ASSIGNMENT: The expected answer is a verbatim transcription of the lines below, beginning with the first and ending with the line that holds "Una signora fiduciosa", without pictures.
⟨
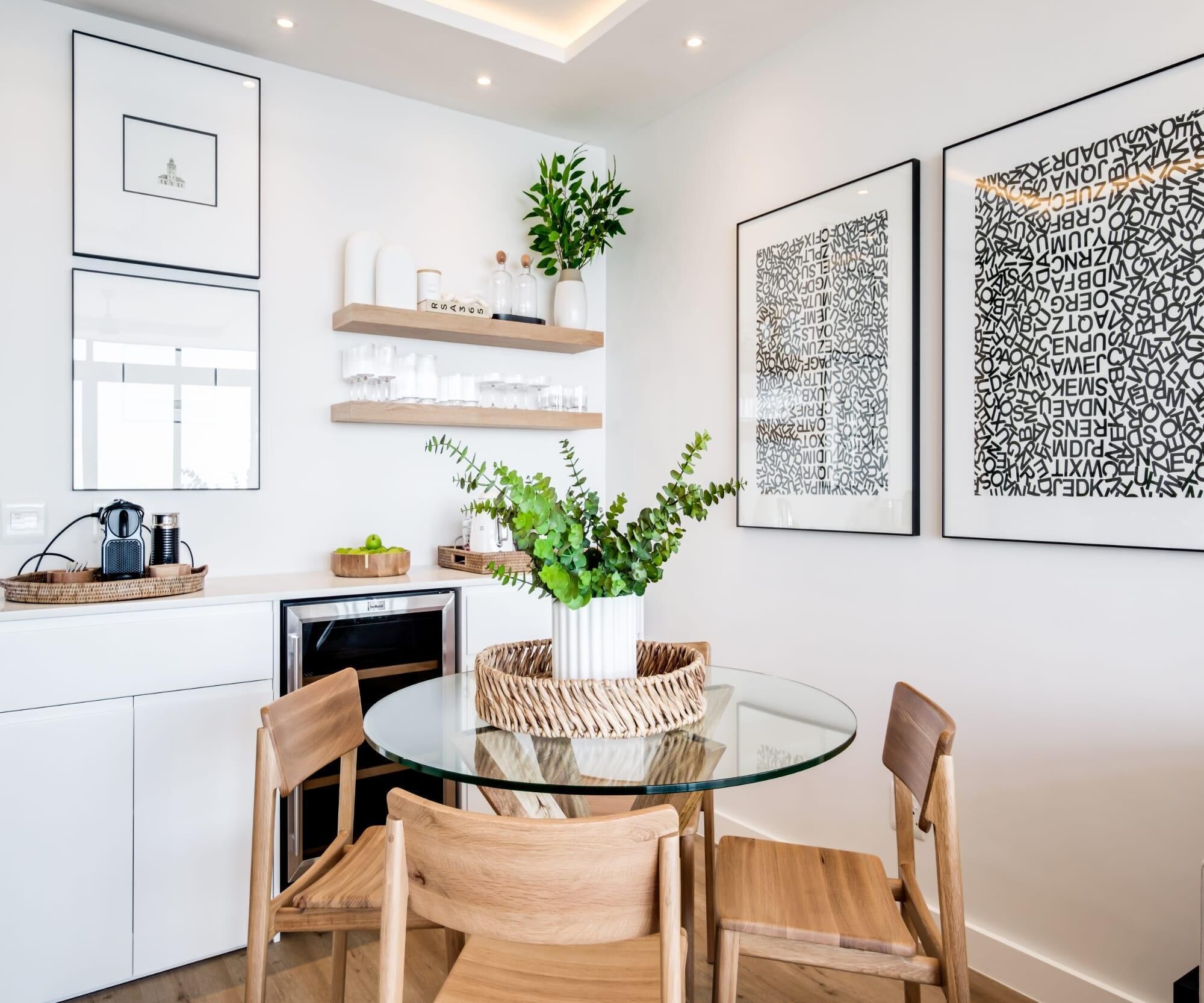 Eine moderne Küche mit weißen Schränken, einem Glastisch und Holzsesseln. An den Wänden befinden sich gerahmte Kunstwerke und auf der Arbeitsplatte ein Blumentopf.
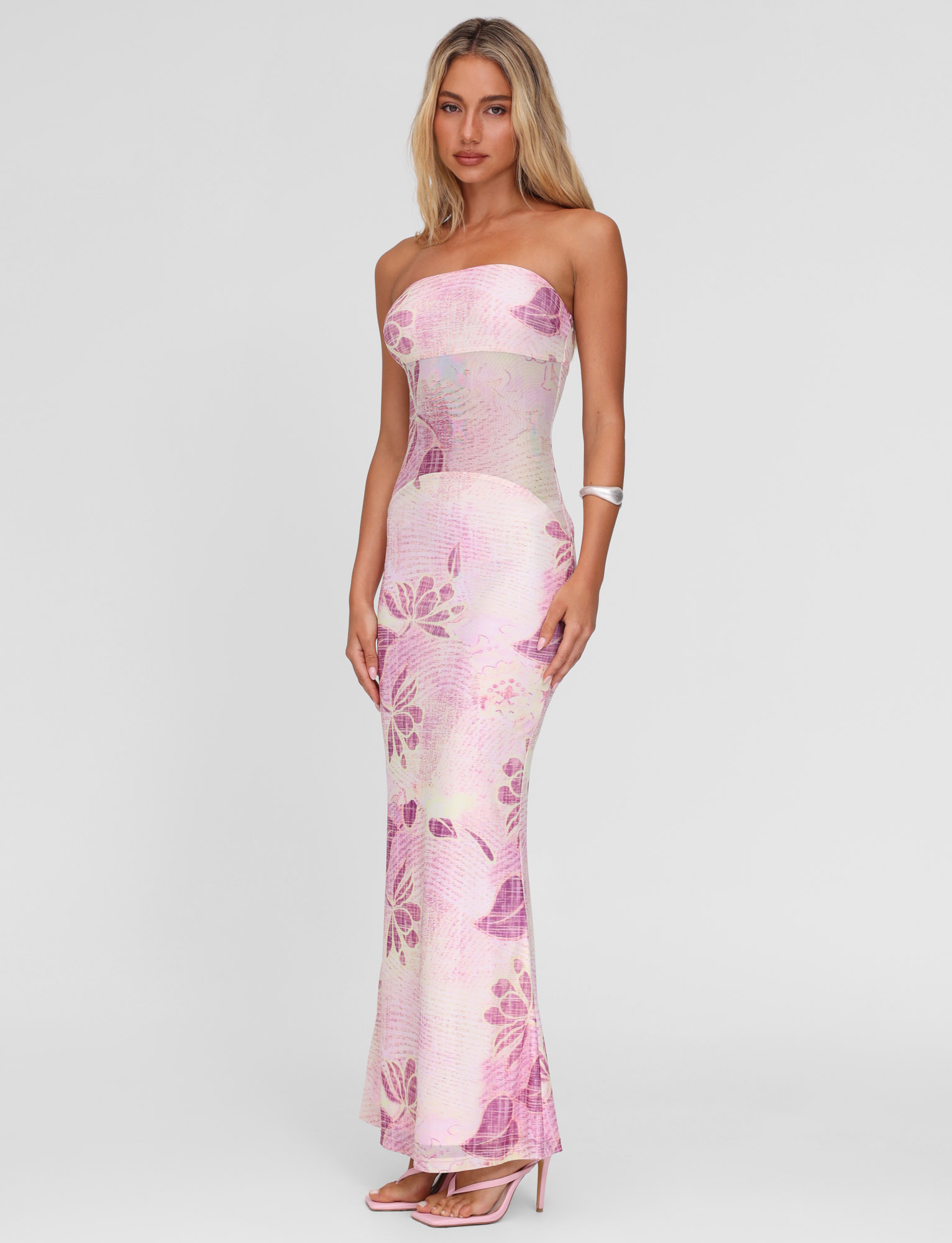 A woman poses in the TIGERMIST MORGAN MESH DRESS - GRUNGE FLORAL MAGENTA, showcasing its strapless neckline, sheer midsection, floor-length silhouette, and pink floral print against a plain white backdrop.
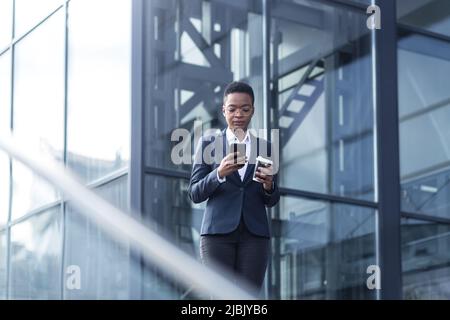 Una signora fiduciosa afroamericana cammina intorno al quartiere degli affari e utilizza il telefono. Tenere una tazza di caffè, vestita con abiti formali. Attrattiva Foto Stock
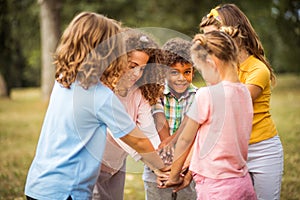 Wonderful team. Large group of school kids having fun in nature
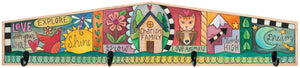 Patchwork design of positive phrases and images on a wood coat rack to hold your belongings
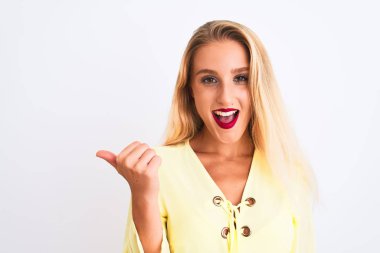 Zarif sarı tişört giyen genç ve güzel bir kadın izole edilmiş beyaz arka planda dikiliyor ve baş parmağıyla gülümseyerek yüzünü gösteriyor.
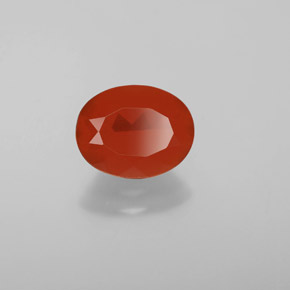 Ópalo de fuego Naranja natural de 1.29 ct, Corte Óvalo, Transparente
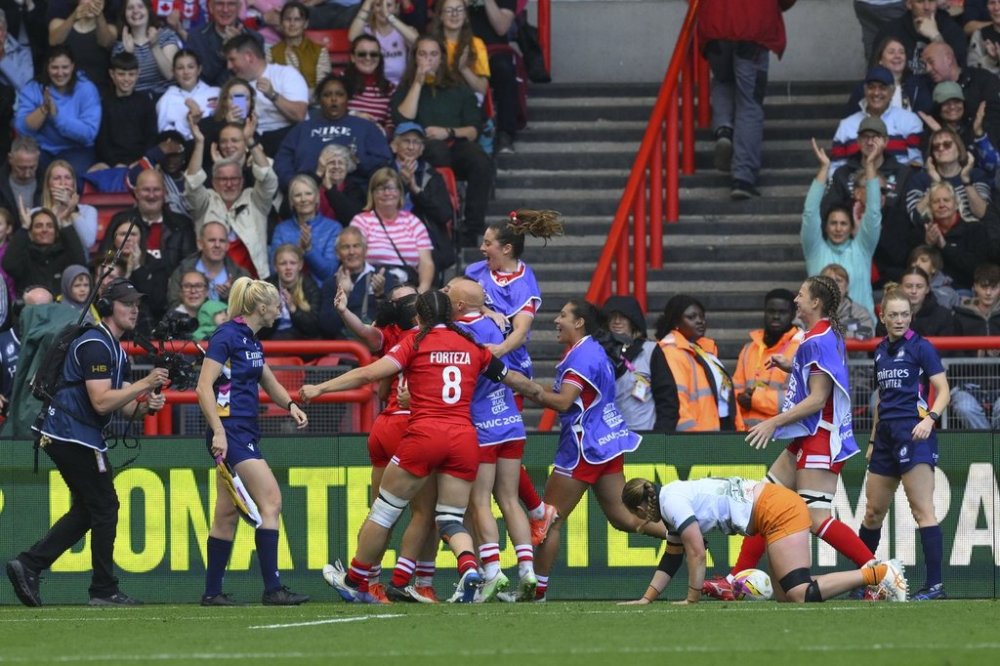 Canada's players celebrate a try during the Women's Rugby World Cup 2025 quarterfinal match between Canada and Australia, in Brighton, England, Saturday, Sept. 13, 2025. (AP Photo/Anthony Upton)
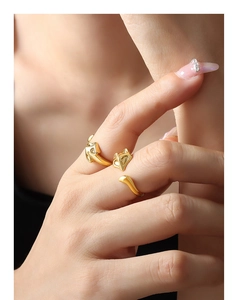 Close-up of a minimalist golden fox-shaped open ring on a female model's finger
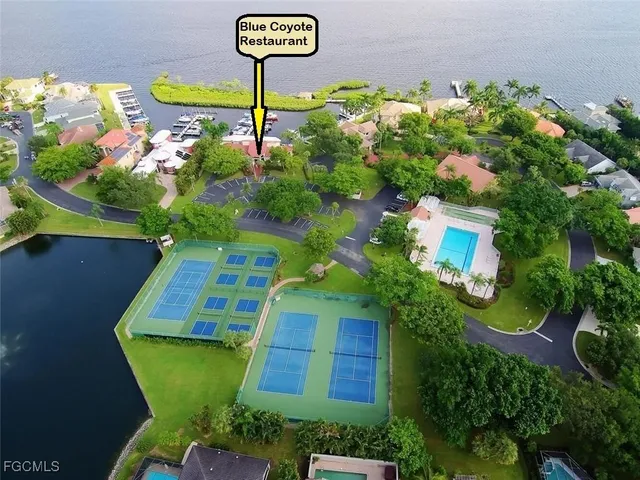 a green field with flowers and trees
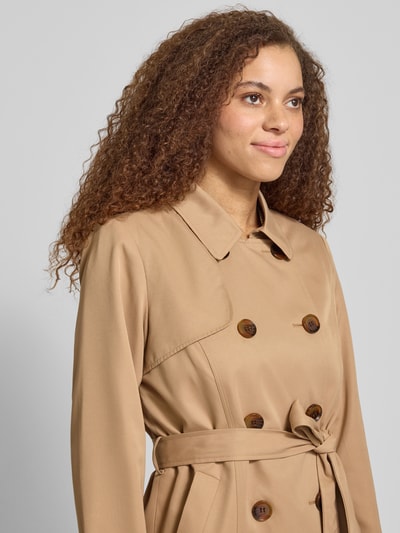 Modelka kobieca nosi Regular Fit Trenchcoat mit doppelreihiger Knopfleiste Modell 'VALERIE' od Only, beżowy, krój regular fit, pasek, długi rękaw, kieszenie boczne, widok z przodu, zbliżenie górnej części.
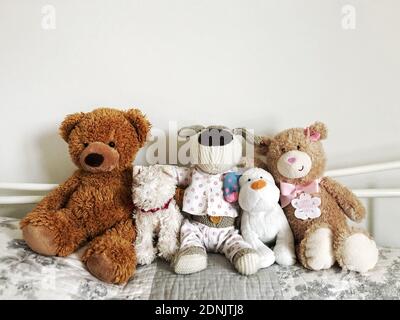 A row of children cuddly toy teddy bears in a cozy bedroom sitting together on a comfy bed with copy space Stock Photo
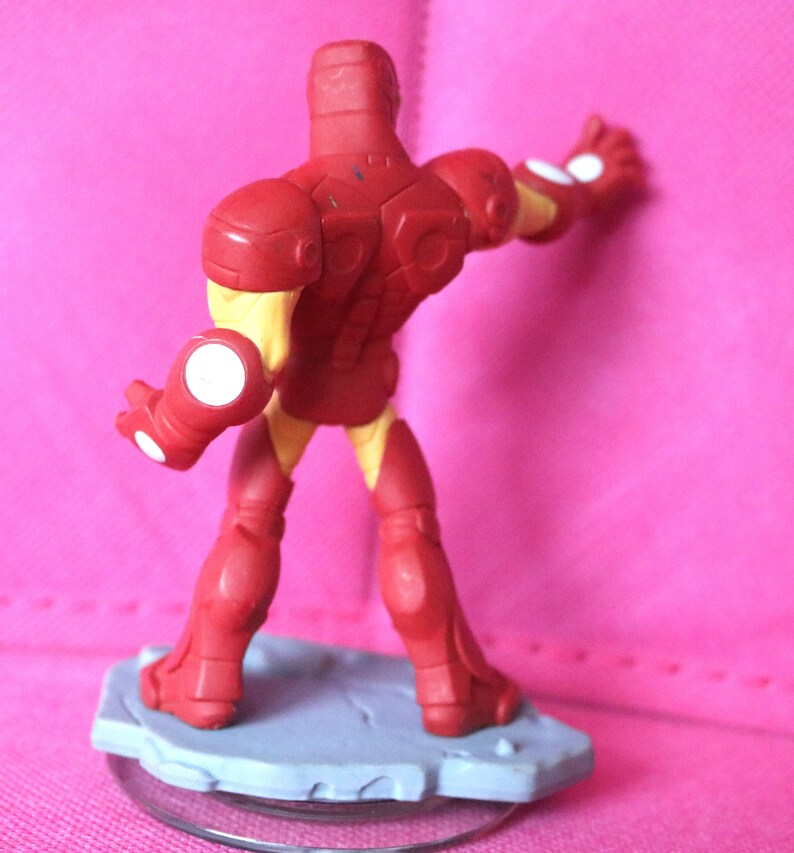 May include: A red and yellow Iron Man action figure, viewed from the back, standing on a gray base. The figure has a detailed design with white accents on the hands. The background is a solid pink colour.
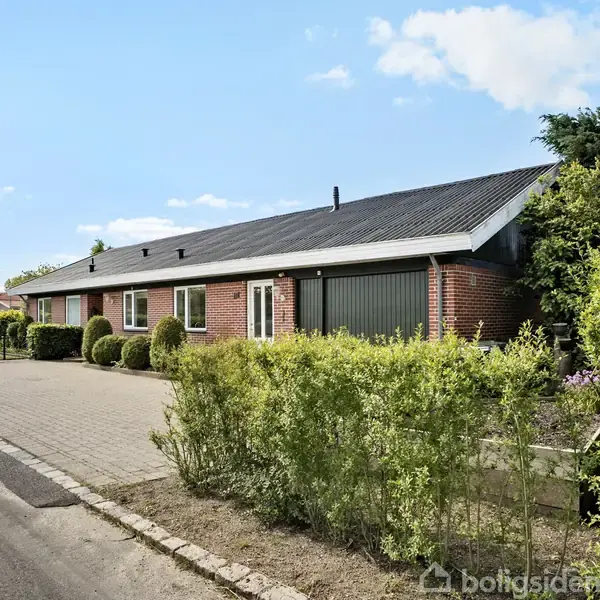 Et étplans murstenshus med sort tag står ved en asfalteret vej. Foran huset er der en stor belagt indkørsel og velplejede buske som hæk. Skyfri himmel i baggrunden.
⟩
SOLUTION FOR THIS TASK:
 Eine moderne Küche mit weißen Schränken, einem Glastisch und Holzsesseln. An den Wänden befinden sich gerahmte Kunstwerke und auf der Arbeitsplatte ein Blumentopf.
 A woman poses in the TIGERMIST MORGAN MESH DRESS - GRUNGE FLORAL MAGENTA, showcasing its strapless neckline, sheer midsection, floor-length silhouette, and pink floral print against a plain white backdrop.
 Una signora fiduciosa afroamericana cammina intorno al quartiere degli affari e utilizza il telefono. Tenere una tazza di caffè, vestita con abiti formali. Attrattiva Foto Stock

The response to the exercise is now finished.